К этому времени Баженов получил предложение сформировать санитарный отряд для предупреждения чумной эпидемии и борьбы с ней. Страшная эта опасность стала угрожать русским войскам, когда они вступили в Северную Персию. И Люда с охотой вошла в этот отряд.
— Ты только не считай, Кокоша, что тут все дело в Косте, — сказала вдруг Людмила. — Конечно, я не врач-эпидемиолог, но все-таки это стало моей специальностью, сам знаешь, довольно редкой. Совесть не позволяет, зная, что можешь быть полезен, сидеть в тылу и жрать пирожки.
— О, насчет пирожков — это уже в мой огород! Но если ты унаследовала геройское сердце отца, то я, по тем же таинственным законам биологии, унаследовал болезненное сердце матери. Или ты не знаешь, что у меня отсрочка по болезни?
Люда покачала головой и пристально взглянула на брата.

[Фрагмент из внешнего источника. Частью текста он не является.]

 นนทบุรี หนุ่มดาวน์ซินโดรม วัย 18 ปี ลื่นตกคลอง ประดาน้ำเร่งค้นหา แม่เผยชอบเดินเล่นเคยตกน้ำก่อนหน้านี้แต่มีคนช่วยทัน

— Ну конечно, дело тут не в отсрочке, — согласился Кокоша. — Дело в моих взглядах. Мы только раз живем на земле; жизнь — величайшее из благодеяний природы, и я не вижу причины, едва присев к столу жизни, даже толком не полакомившись закусками, вылететь из-за этого чудесного стола в какую-то неизвестную черную бездну, даже не ощущая при этом, как распадается мое единственное драгоценное тело.
— Ну и сиди за этим столом, пока тебя не выволокут обожравшегося и пьяного.
— А что же, и досижу! И, может, еще второй раз сладенькое на добавочку выдадут, — сказал Кокоша, и Люда весело расхохоталась, чего с ней не было давно. Ей сразу вспомнилось, как в детстве брат всегда умел выклянчить «добавочку» — вторую порцию сладкого в конце обеда.
— Ну и бог с тобой, разве я тебе зла желаю, Кокоша! Живи, как тебе живется, я каждому лишнему дню твоей жизни радоваться буду. Ну, а ты предоставь мне жить, как я живу. С меня получите! — сказала она официантке.
— Значит, ты меня считаешь всего лишь себялюбцем и обжорой, — говорил Кокоша, когда они вышли на шумно грохочущий Невский. Зеркальные витрины и влажные торцы, казалось, были окрашены беспокойно колеблющейся жидкостью, кровавой и золотой, Это солнце милостиво показало свой лик в янтарно-прозрачной полосе закатного неба, опоясавшей всю западную половину горизонта над крышами, трубами и дымами, выходившими из труб.
— Да если бы я мог, я на весь мир крикнул бы: «Люди, зачем это?! Оглянитесь кругом, люди, — прекрасна земля! Остановите братоубийство, люди!» Но голос мой слаб, и все, что я могу сделать, это уговаривать свою единственную сестру. И неужели ты не понимаешь, что только из любви к тебе я, вместо того чтобы найти этим чудесным часам какое-нибудь заманчивое употребление, растолковываю тебе твои же интересы?..
Люда ничего не отвечала, но спокойно-упрямое выражение не покидало ее лица…
Завтра она снова с Баженовым, Риммой Григорьевной и даже все с тем же надоедливым Леуном отправится в Баку, и снова ее ждет там все та же серьезная и опасная задача: борьба с чумой.
Но то, что в прошлую поездку ожидало ее в Баку и чего она, когда ехала туда, не знала, теперь превратилось в воспоминание, ушло в невозвратное прошлое.
И именно потому-то она с таким волнением думала сейчас о Баку. Еще раз воскресить в своей памяти этот необычайный день счастья — особенно когда они шли, взявшись под руку, и белые листовки медленно реяли в небе, как бы с неохотой опускаясь на землю. Или это было позже… Да, позже, когда она привела Константина в свою беленькую комнату и Аскер все чего-то требовал, о чем-то спрашивал, а отвечать ему не хотелось; только бы, держа горячую, крепкую руку Константина, смотреть, не отводя глаз, в его смелое и правдивое лицо, в преданные ей, умоляющие глаза.